#### [TASK]
Set down the entries that follow exactly as written, leaving out any images.
=== DATA TO USE ===
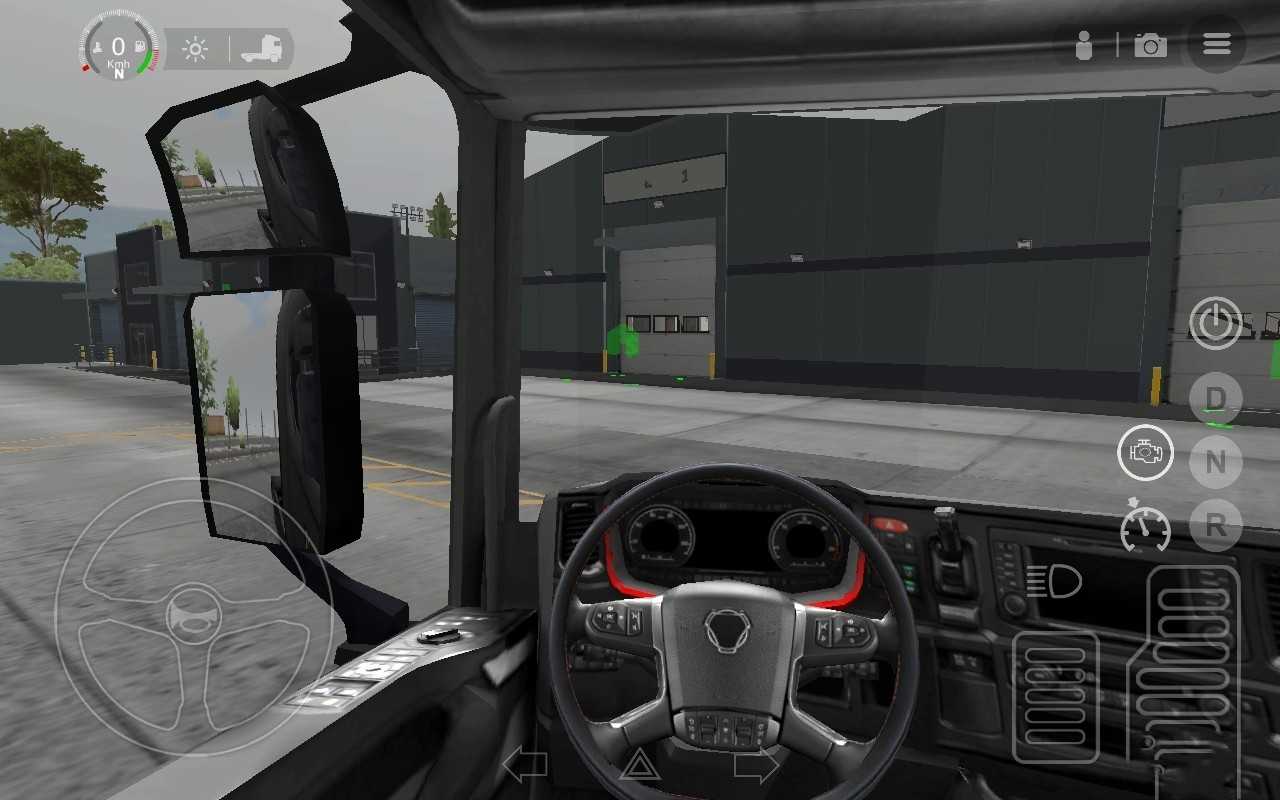 环球卡车模拟器无限等级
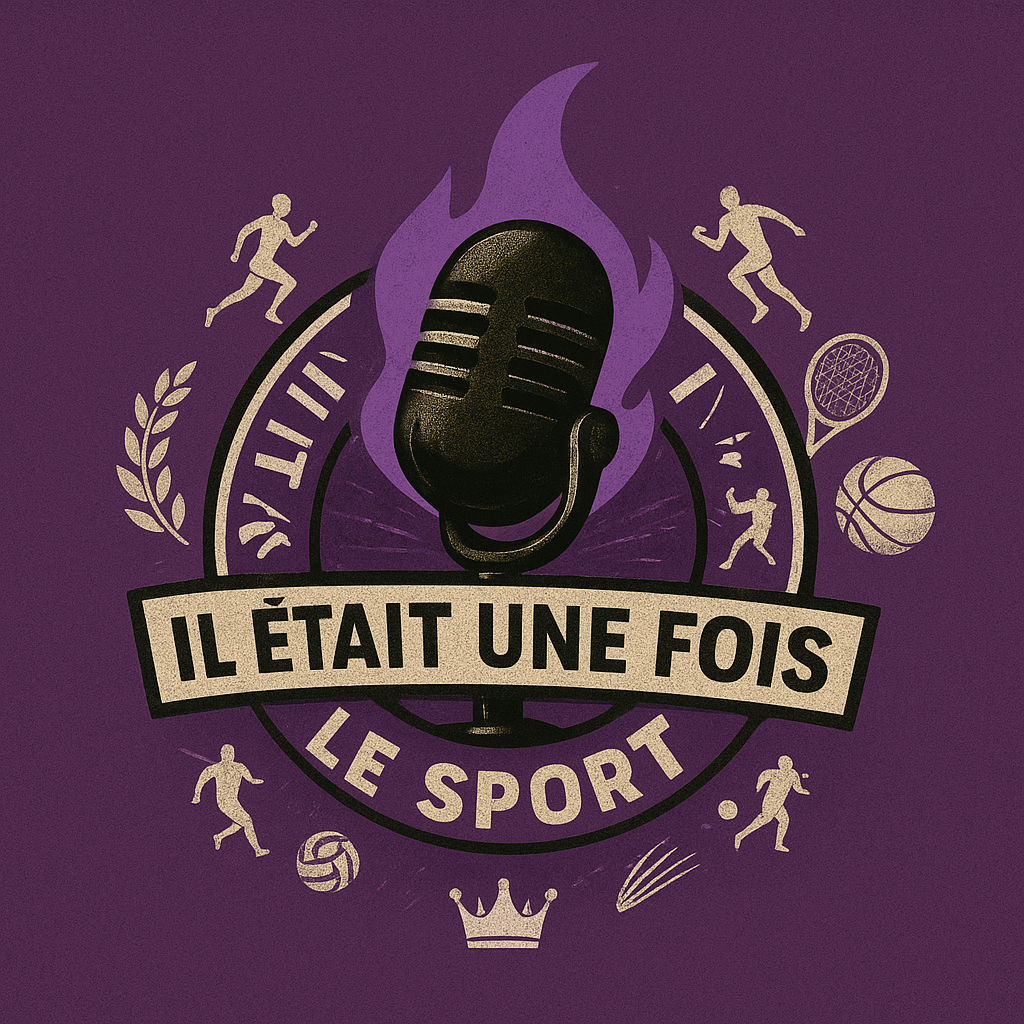 Il était une fois le sport artwork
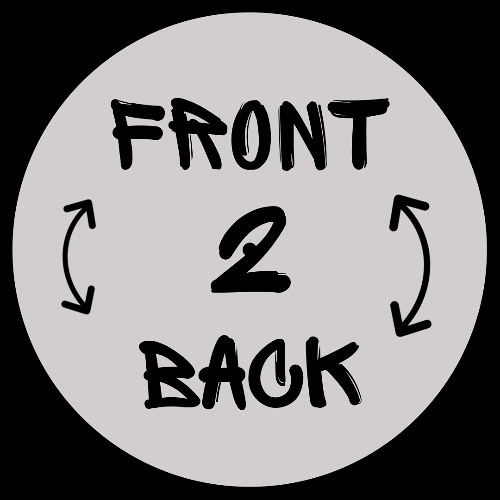 Jordan Peak - Front 2 Back (Darius Shukru Edit) [FREE DL]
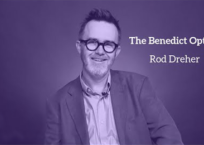 Rod Dreher Answers, “Isn’t the Benedict Option a Retreat?” Rod Dreher Answers, “Isn’t the Benedict Option a Retreat?”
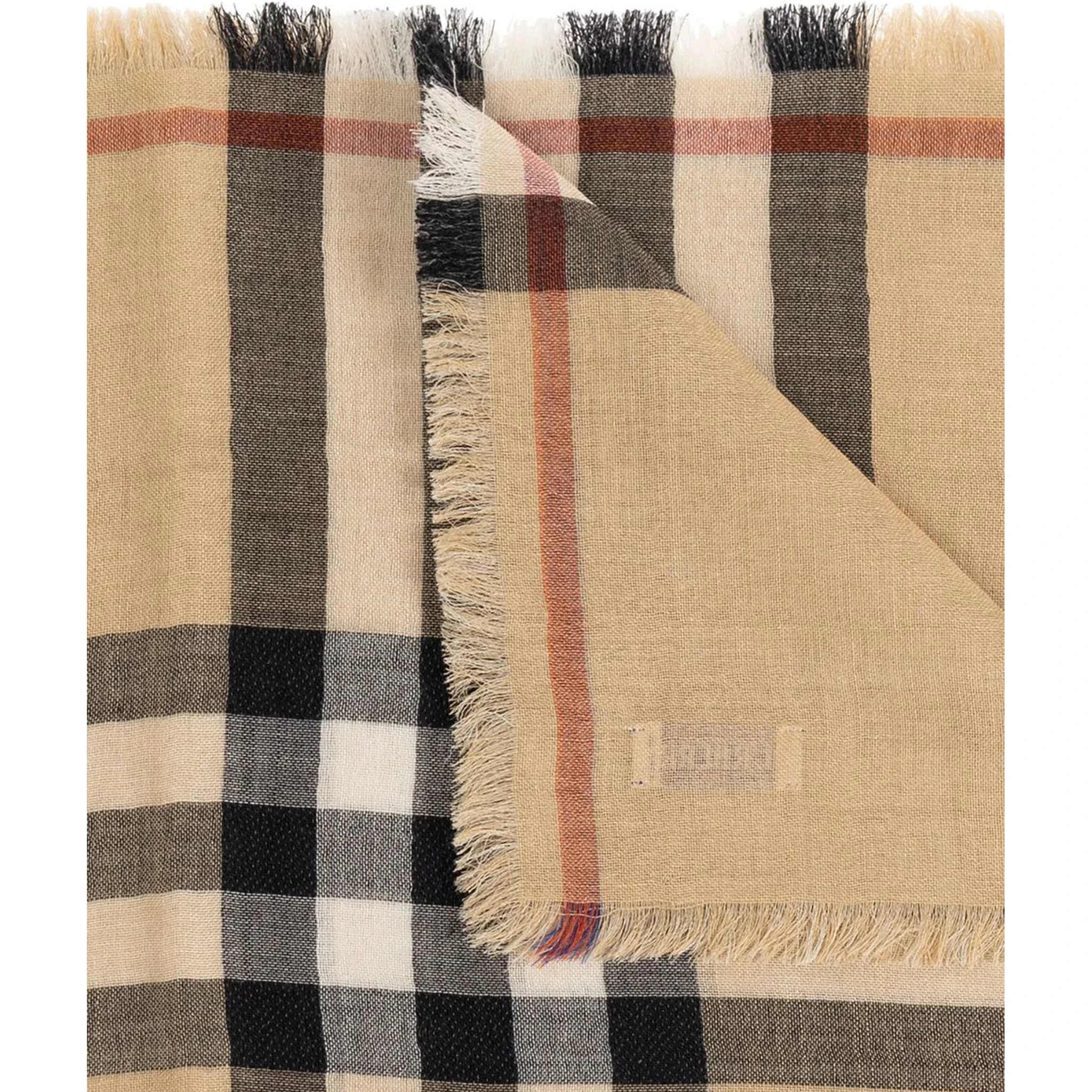 BURBERRY scarf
===
#### [ANSWER SPACE]
 环球卡车模拟器无限等级
 Il était une fois le sport artwork
 Jordan Peak - Front 2 Back (Darius Shukru Edit) [FREE DL]
 Rod Dreher Answers, “Isn’t the Benedict Option a Retreat?” Rod Dreher Answers, “Isn’t the Benedict Option a Retreat?”
 BURBERRY scarf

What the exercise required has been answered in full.